Packers DE Datone Jones vs. Seahawks LG J.R. Sweezy
Datone Jones, a 2013 first-round pick thought to be a perfect fit for Dom Capers' defense, came out of the gate slowly, mustering just 3.5 sacks. J.R. Sweezy, a 2012 seventh-round defensive tackle converted to guard, had such a strong preseason that he was named Pro Football Focus' fourth-best guard (subscription required).
If Jones gets the best of Sweezy, with Julius Peppers coming around the same corner, it could be disastrous for the Seahawks offense—running or throwing. If Sweezy stands tall, it'll give the Seahawks flexibility to pay more attention to Peppers.
Harvin's the ultimate NFL X-factor. Not only are his talents versatile and his explosion prodigious, his spotty health and iffy practice track record has made him seem like an apparition who shows up, wins Super Bowls and disappears again.

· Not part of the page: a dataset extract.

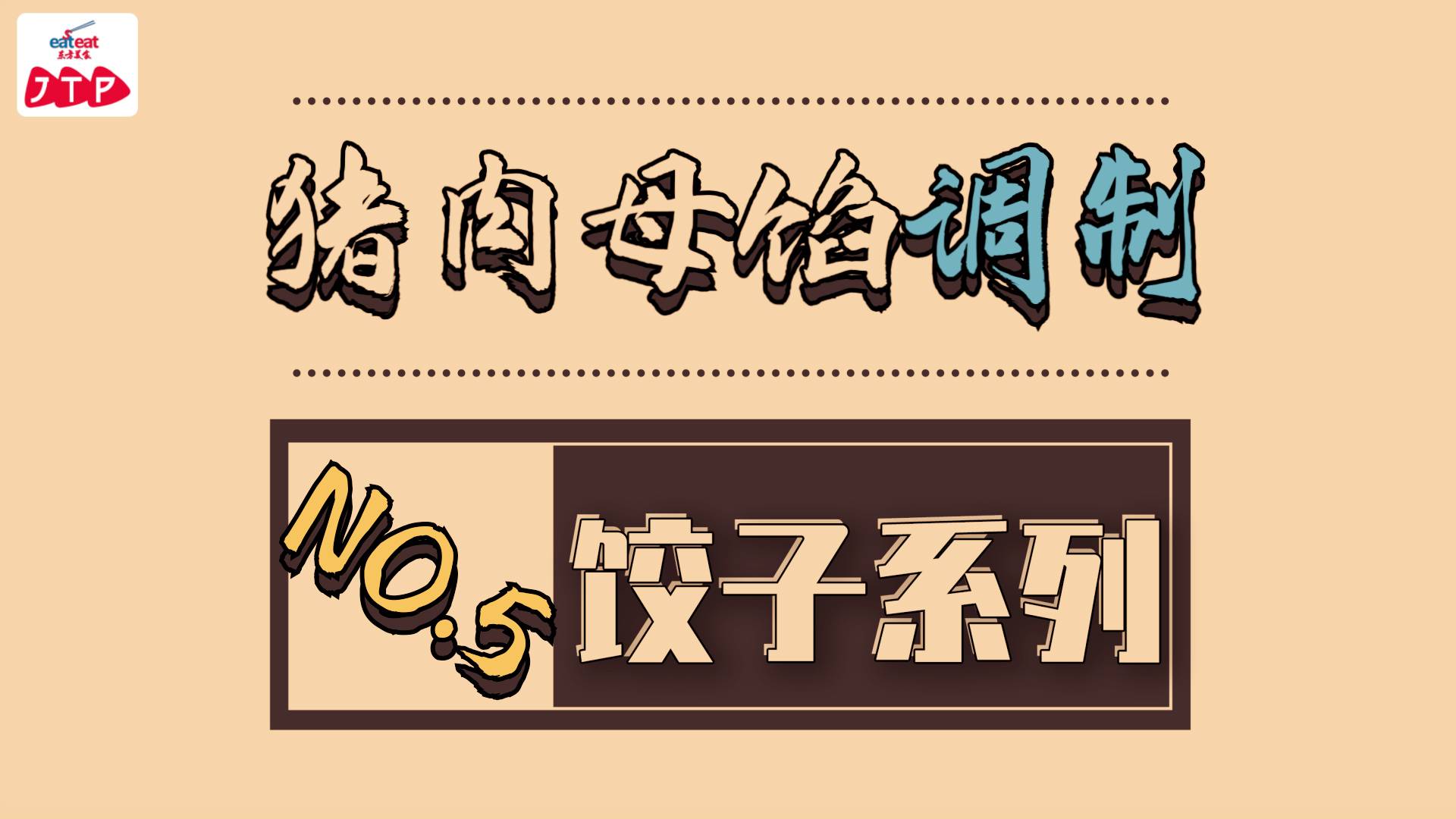 饺子专辑|5.猪肉母馅调制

Harvin's ability to stretch the field isn't just an X-factor for this game; it's an X-factor for the whole season. If he shows up in top form and stays there for 16 games, the Seahawks could shred people. If he gets hurt again or is ineffective, the Seahawks will struggle to take the top off of defenses.
Packers Tight Ends
Packers tight end Andrew Quarless and third-round rookie Richard Rodgers could be the key the Packers need to unlock that Seahawks secondary. Their matchups against the Seahawks' inside cornerbacks and outside linebackers will be critical on 2nd-and-long, 3rd-and-long and red-zone situations.

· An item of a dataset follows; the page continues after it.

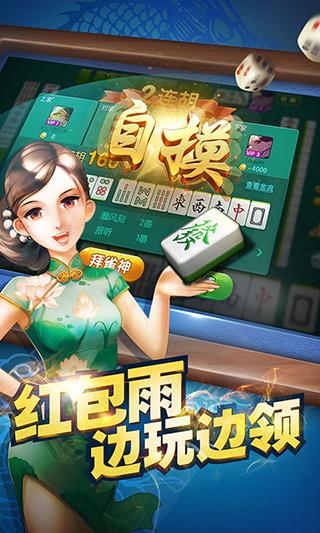 享游达人三十水下载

If either can have a big night on Thursday night, it could force the Seahawks safeties to respect them over the top, opening up opportunities for lethal slot threat Randall Cobb.
As Bleacher Report NFC North Lead Writer Zach Kruse broke down, both Wilson and Rodgers are huge threats to make plays on the run. For all scheming and game-planning and adjustments both coaches will do, the game will very well turn on which quarterback makes something out of nothing more often.
CenturyLink was a fortress for the Seahawks in 2013, and most of their truly dominant Super Bowl-winning squad is back intact.
Yet Rodgers and the Packers have to be much hungrier this season, not to mention much improved and more balanced on both sides of the ball.
Though both teams have questions on their offensive and defensive lines, Rodgers' ability to take over a game from both outside and inside the pocket give them a distinct advantage. Eddie Lacy might not have the daylight to outrush Marshawn Lynch, but Lynch might not have much daylight, either—and it remains to be seen how committed he is to going full "Beast Mode" in 2014.
Even if the Packers didn't have a motivational and offensive advantage, Week 1 is always full of surprises. At the time of this writing, OddsShark had the Packers as six-point underdogs, but Green Bay looks like a very dangerous upset threat.